Serve un finale diverso da quello che sta scrivendo la Roma negli ultimi due mesi. Fuori dalle coppe (nazionali e internazionali) e scivolata via anche dalle prime quattro posizioni della classifica. Gian Piero Gasperini deve invertire la rotta perché il progetto Roma, che ne dicano dentro Trigoria, cambia in base al piazzamento finale. L’accesso in Champions League sarebbe un acceleratore naturale di un progetto che Ranieri, fin da subito, ha definito triennale. Nei piani della proprietà c’era quello di crescere insieme, la fuga in avanti, dettata dai risultati, invece è stata di Gasperini. C’è chi gli rimprovera di aver giocato col fuoco, finendo ora per bruciarsi, ma il campionato non è ancora finito e per questo le ultime nove partite, a cominciare da oggi pomeriggio contro il Lecce, saranno tutte delle finali. Vincere contro la squadra di Di Francesco consentirebbe alla Roma di vivere la sosta per le nazionali con un pizzico di serenità in più.
Gasp punta ancora su Malen
Non troppa, visto il periodo e che dal 2 febbraio i giallorossi sono stati capaci di vincere solo due partite. Hanno inciso, indubbiamente, anche gli infortuni e anche nella gara prima del break le defezioni saranno diverse. Intanto alla vigilia Gasperini ha preferito il silenzio, soprattutto a fronte delle parole del giorno prima.

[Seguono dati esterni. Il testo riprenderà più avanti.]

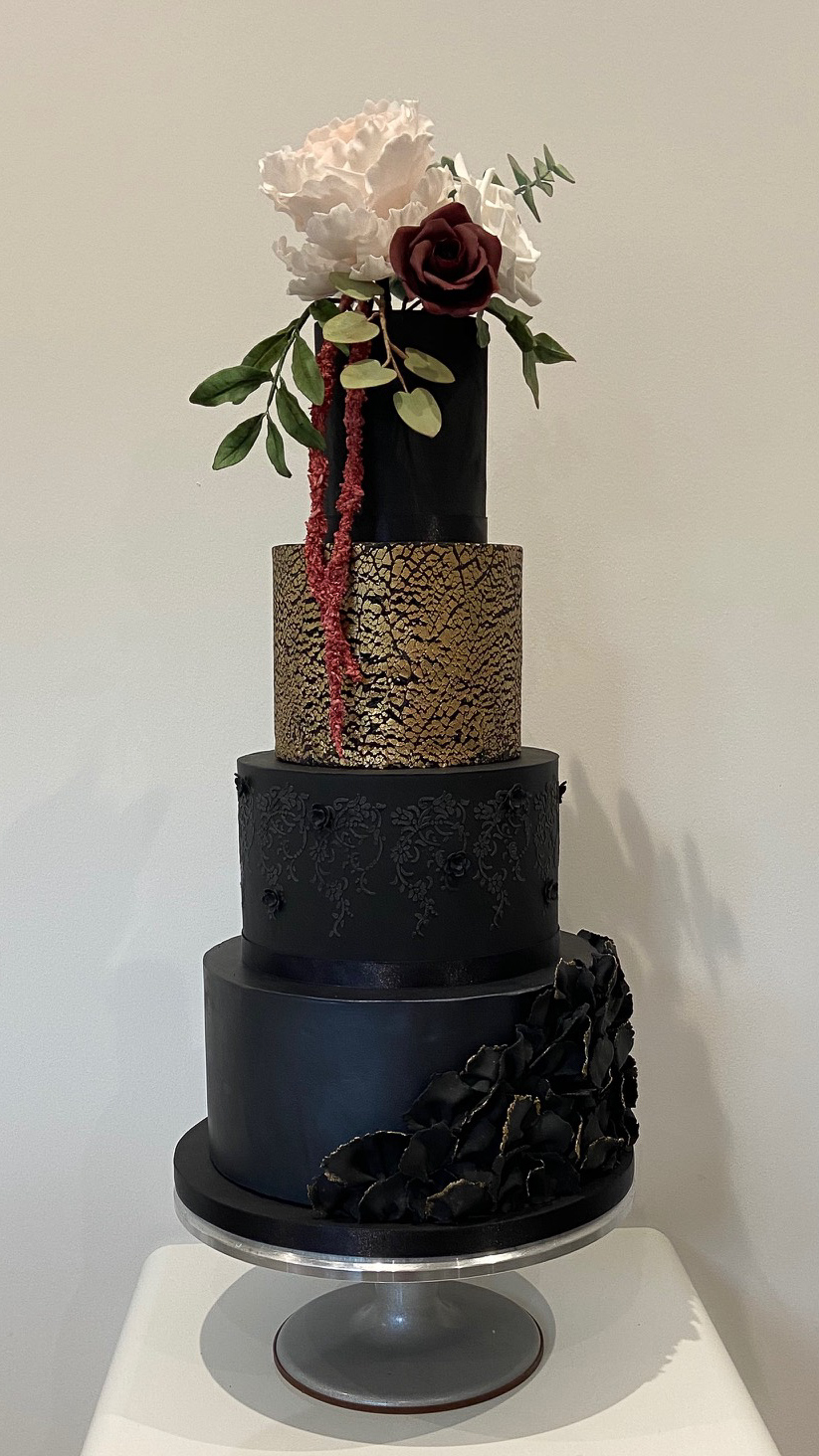 Four-tier black and gold wedding cake with textures and sugar flowers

Non pubbliche, ma in camera caritatis con proprietà, dirigenza e Ranieri. Un confronto per capire come e dove migliorare, nonostante il tempo a disposizione non sia più tanto e i margini di errore, ormai, si siano azzerati. Ecco allora che il tecnico punterà ancora su Malen, 8 gol nel 2026 e tra le poche cose che funzionano in un momento dell’anno che definire chiave è riduttivo.